A moderate interaction between the three variables (FEP/Hb, Parasite density and hemoglobin levels) after a multivariate analysis (Table 2) is reported. In addition, parasite density and BLL significantly correlated (r =0.377, P = ˂0.001) to affect the anemia status of the host Table 2. Regression analysis (Pearson’s) models show that FEP: Hb µg /g ratio increases exponentially with the blood Pb while Hb decreased with increasing FEP (Fig. 1). Again, a negative and strong Pearson correlation between FEP: Hb µg /g and Hb levels (Table 2 and Fig.1) as compared to that of parasite density and hemoglobin levels (Fig.2) were observed. This seem to concur with the argument that the etiology of severe anemia is multifactorial and therefore, there is need to study each of these contributing factors.
It can therefore be speculated that progression to severe anemia during malaria infection and Lead toxicity involves destruction of erythrocytes, inhibition of heme synthesis inhibition (ineffective erythropoiesis) and interference of hepcidin iron regulatory system. The increased erythrocytic clearance due to extrinsic and intrinsic challenges increase the susceptibility to phagocytosis and hence anemia. Reduced serum iron (substrate) availability further complicates the heme synthesis mechanism by disturbing the enzyme /substrate enzymatic reaction equation.

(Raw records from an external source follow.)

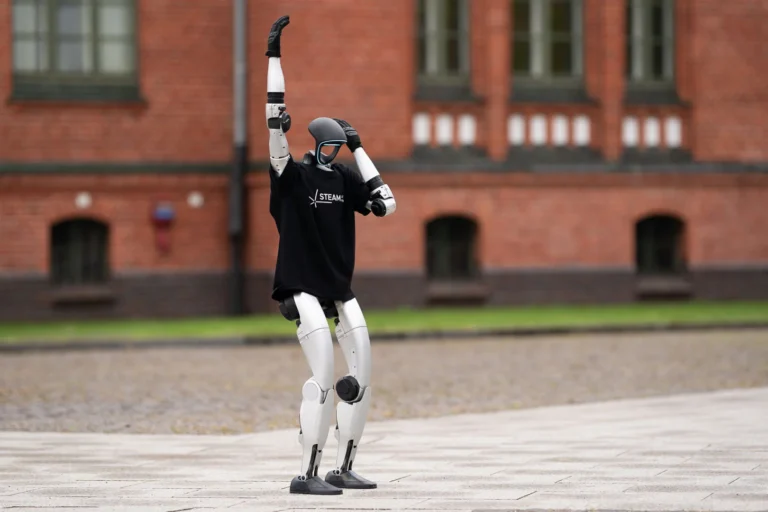 A humanoid robot wearing a black t-shirt raises one arm in front of a brick building.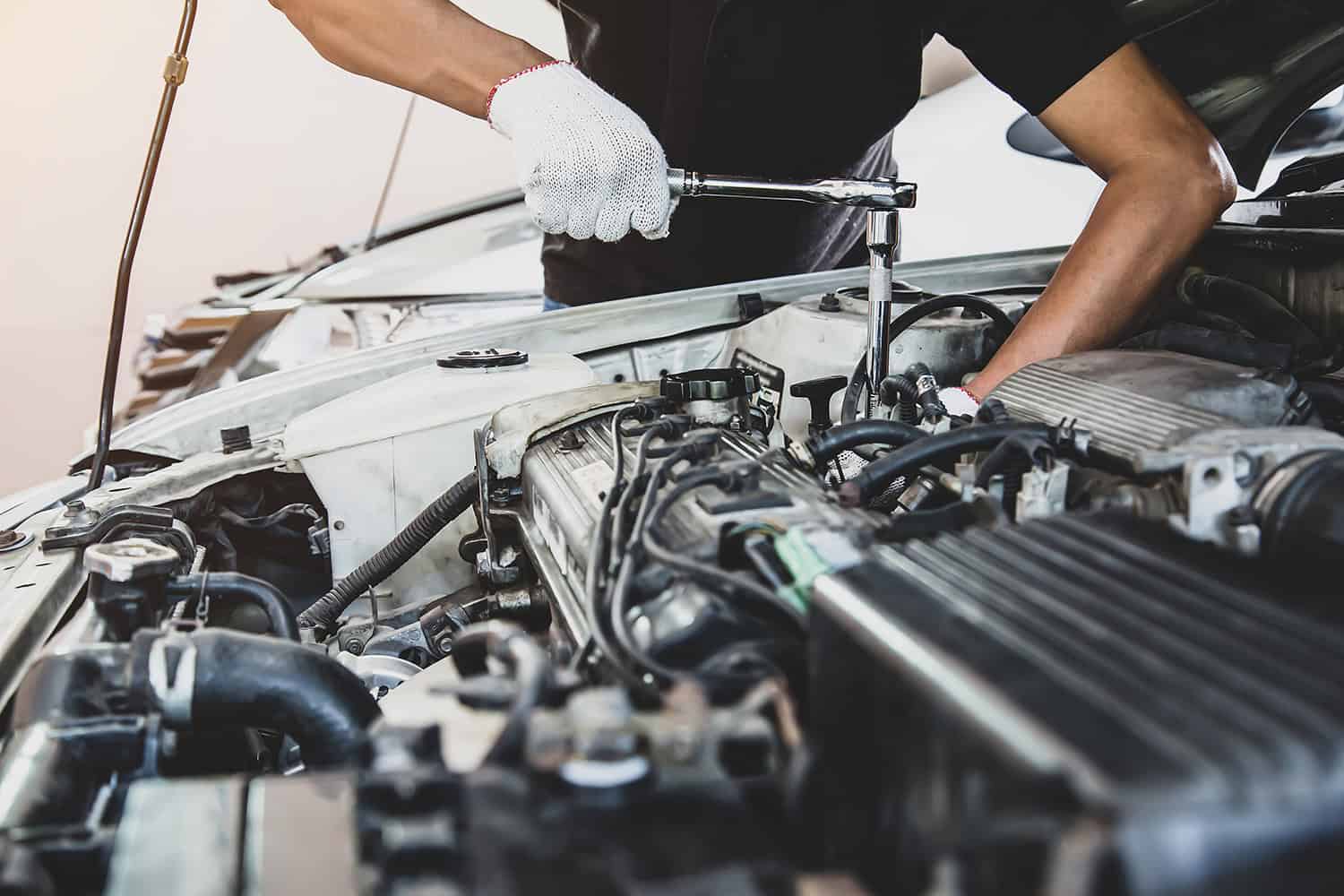 Close up of the hands of a mechanic using a wrench to repair a car engine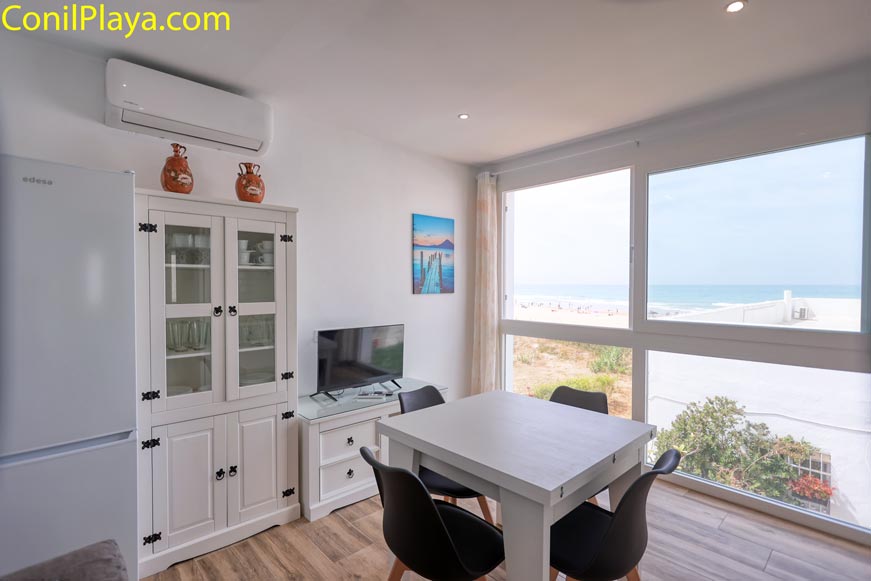 Comedor moderno con mesa blanca y grandes ventanales con vistas a la playa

However, this study did not find a direct relationship between high blood Lead concentrations with parasite density as previously reported. It is likely that as BLL increases, hepcidin expression is upregulated decreasing the available serum iron important for parasite survival. Blood Lead levels and malaria parasites (Table 2 and Fig.3) in the study population seems to support the argument that BLL had little or no direct effect on parasite density levels.

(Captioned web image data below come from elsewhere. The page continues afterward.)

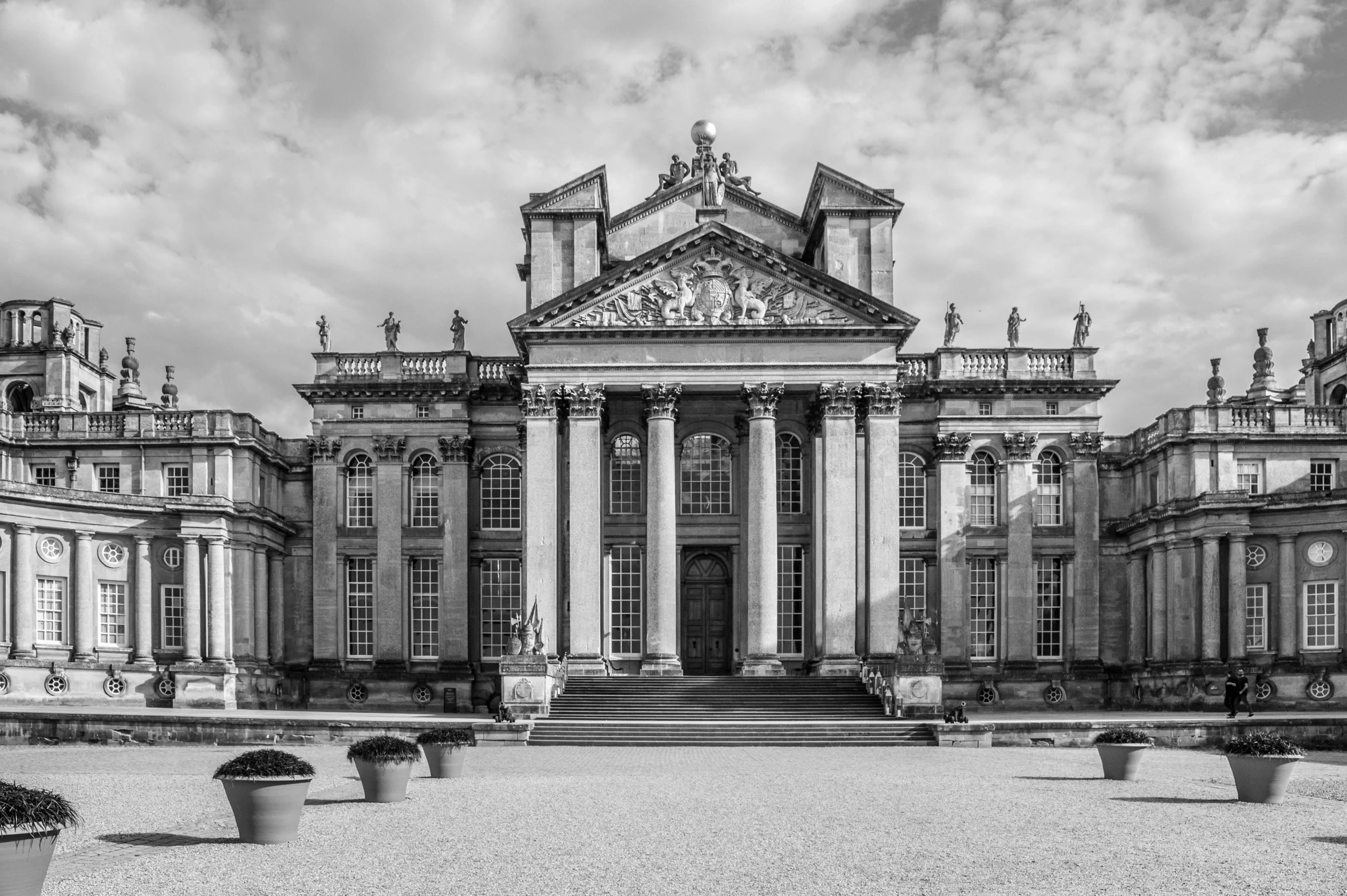 an old looking building with columns and pillars on it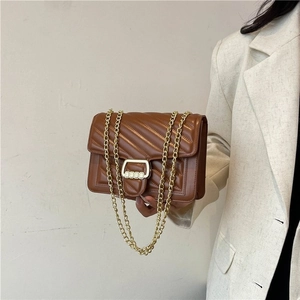 Brown quilted crossbody bag with V-stitch design and gold chain strap on woman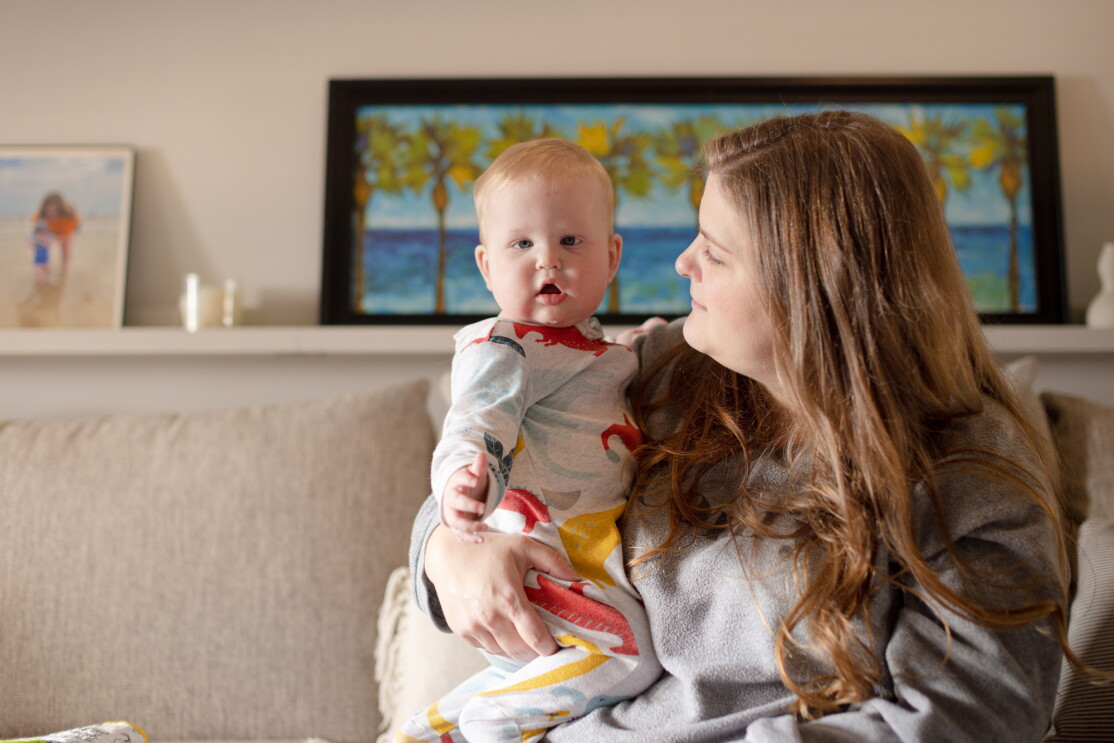 A woman sits on a couch and holds a baby.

Children who participated in the study had no co-morbid diseases like HIV, sickle cell traits which are known confounding factors of anemia pathogenesis. This study therefore represents the first reported significant association between malaria and Lead poisoning during the anemia pathogenesis among the pediatric population in Uganda.
Study limitations
This study did not asses the nutritional status of the participants which is an important confounding factor. We therefore recommend that future studies incorporate nutritional status of participants for a better understanding of the relationship between blood Lead levels and anemia during malaria infection.